Bomba düştükten hemen sonra şehirde yoğun bir elma kokusu hissedildi.

Kısa sürede yüzlerce insan nefessiz kalarak olduğu yerde hayatını kaybetti.

Saldırıda hardal gazı ve sarin gibi sinir gazları kullanıldı.

5 bin kişi hayatını kaybederken, 7 binden fazla kişi ağır yaralandı.

Binlerce kişi sakat kaldı, kimyasal maddelerin etkisiyle doğan bebeklerde genetik hastalıklar görüldü.

Halepçe Katliamının sebebi neydi?

Saddam Hüseyin yönetimi, Kürtleri İran’la iş birliği yapmakla suçlayarak Halepçe’yi hedef aldı. İran ve Kürt güçleri, Irak’a karşı ittifak yapmıştı ve Saddam, Kürtleri cezalandırmak için kimyasal silah kullanmayı bir strateji olarak belirledi.

Saldırının başlıca amacı, Kürt halkını yıldırmak ve bölgedeki İran-Kürt ittifakını zayıflatmaktı.

Ancak bu saldırı, masum sivillere karşı yapılmış bir insanlık suçu olarak tarihe geçti.

Halepçe Katliamı sonrası dünyanın tepkisi

Saldırı sonrası uluslararası toplum, Irak yönetimini kınadı ancak somut bir adım atılmadı.

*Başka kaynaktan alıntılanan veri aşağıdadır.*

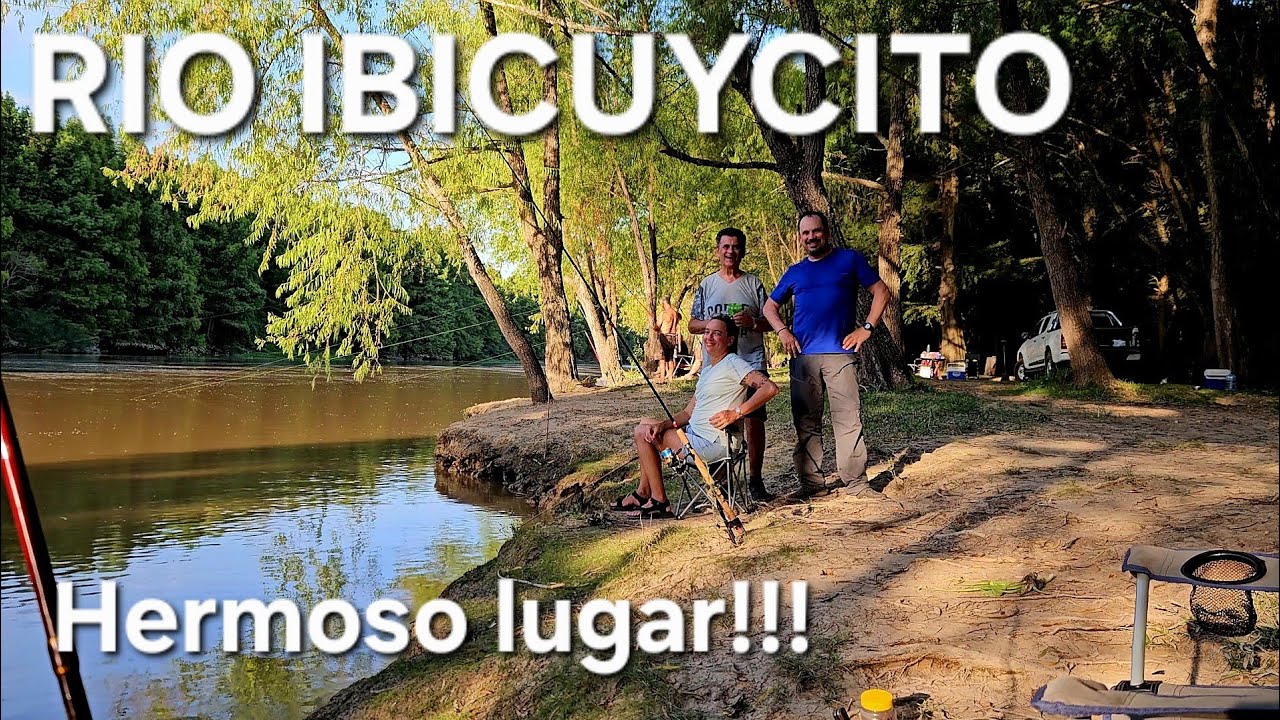 Un lindo día en el río. Lugar increíble luego de una pesca fallida...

Birleşmiş Milletler, olayın bir soykırım olarak değerlendirilmesi gerektiğini belirtti.

2003 yılında Saddam Hüseyin yakalandığında, Halepçe Katliamı da mahkeme dosyalarına girdi.

Irak Yüksek Ceza Mahkemesi, 1 Mart 2010'da Halepçe Katliamı’nı "soykırım" olarak kabul etti.

Halepçe'nin günümüzdeki etkileri nelerdir?

Katliamın yaşandığı bölgede halen kimyasal silahların etkileri görülüyor.

Engelli doğum oranı, Hiroşima ve Nagasaki’den bile daha yüksek seviyede.

Halepçe halkı, tazminat talepleri ve adalet arayışlarını sürdürüyor.

Her yıl 16 Mart'ta Halepçe’de ve Irak Kürdistanı’nda anma etkinlikleri düzenleniyor.

Halepçe Katliamı unutulmayacak

Halepçe Katliamı, insanlık tarihinin en korkunç kimyasal saldırılarından biri olarak hafızalara kazındı. Binlerce masum sivilin hayatını kaybettiği bu saldırı, uluslararası toplumun sessizliği ve Saddam Hüseyin’in vahşetiyle anılıyor.

Bugün, Halepçe'de hayatta kalanlar hala saldırının izlerini taşıyor ve adalet arayışlarını sürdürüyor.

Halepçe Katliamı, insanlığa karşı işlenmiş bir suç olarak tarihte kara bir leke olarak kalmaya devam edecek.

Tarihin en büyük kimyasal saldırılarından biri olan Halepçe Katliamı’nı unutmamak ve benzer trajedilerin yaşanmaması için bilinçli olmak hepimizin sorumluluğudur.